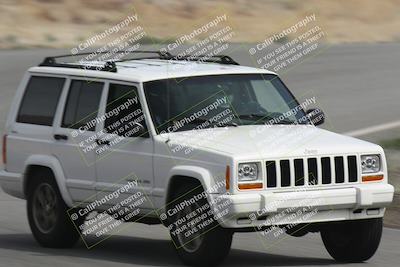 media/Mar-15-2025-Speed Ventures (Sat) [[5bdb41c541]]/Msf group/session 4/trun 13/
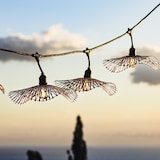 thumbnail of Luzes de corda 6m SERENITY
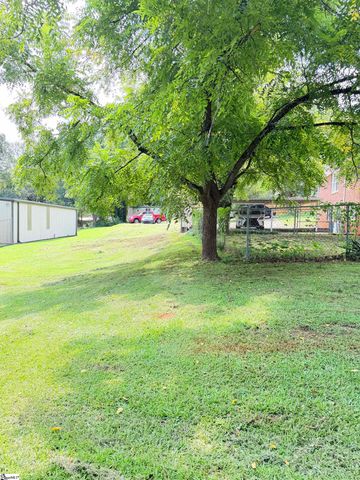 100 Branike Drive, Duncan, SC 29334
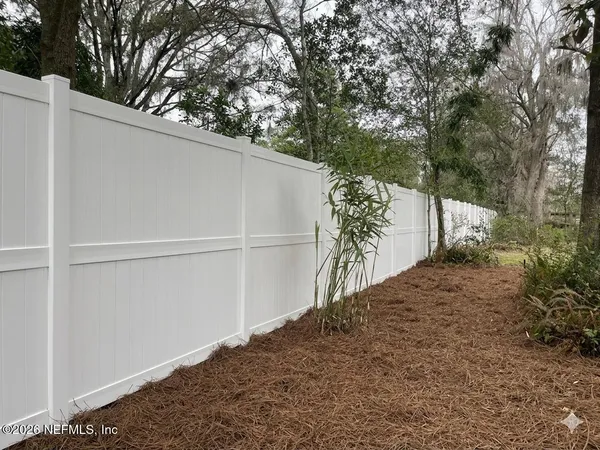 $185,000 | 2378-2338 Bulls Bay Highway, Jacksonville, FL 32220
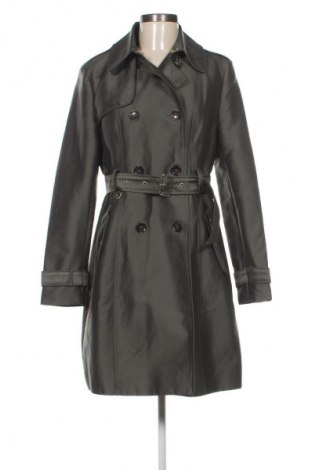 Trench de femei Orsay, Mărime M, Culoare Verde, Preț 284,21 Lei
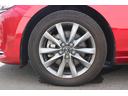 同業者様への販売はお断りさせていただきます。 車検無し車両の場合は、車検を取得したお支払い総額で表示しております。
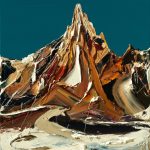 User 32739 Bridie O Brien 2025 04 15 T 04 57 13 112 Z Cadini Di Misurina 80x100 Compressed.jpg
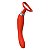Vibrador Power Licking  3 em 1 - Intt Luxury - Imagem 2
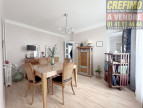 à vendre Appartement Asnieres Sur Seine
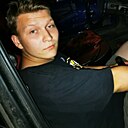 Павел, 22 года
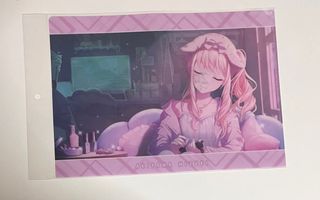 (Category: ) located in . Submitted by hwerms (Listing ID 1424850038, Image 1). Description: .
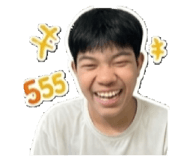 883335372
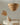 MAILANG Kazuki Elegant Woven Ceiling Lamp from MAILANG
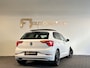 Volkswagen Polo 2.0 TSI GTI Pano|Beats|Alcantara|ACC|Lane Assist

WORK ORDER | When you reach the line that contains "100 Branike Drive, Duncan, SC 29334", start reproducing, and continue word for word to the end of the records; skip all pictures.

FINISHED TASK |
 100 Branike Drive, Duncan, SC 29334
 $185,000 | 2378-2338 Bulls Bay Highway, Jacksonville, FL 32220
 Trench de femei Orsay, Mărime M, Culoare Verde, Preț 284,21 Lei
 同業者様への販売はお断りさせていただきます。 車検無し車両の場合は、車検を取得したお支払い総額で表示しております。
 User 32739 Bridie O Brien 2025 04 15 T 04 57 13 112 Z Cadini Di Misurina 80x100 Compressed.jpg
Vibrador Power Licking  3 em 1 - Intt Luxury - Imagem 2
 à vendre Appartement Asnieres Sur Seine
 Павел, 22 года
 (Category: ) located in . Submitted by hwerms (Listing ID 1424850038, Image 1). Description: .
 883335372
 MAILANG Kazuki Elegant Woven Ceiling Lamp from MAILANG
 Volkswagen Polo 2.0 TSI GTI Pano|Beats|Alcantara|ACC|Lane Assist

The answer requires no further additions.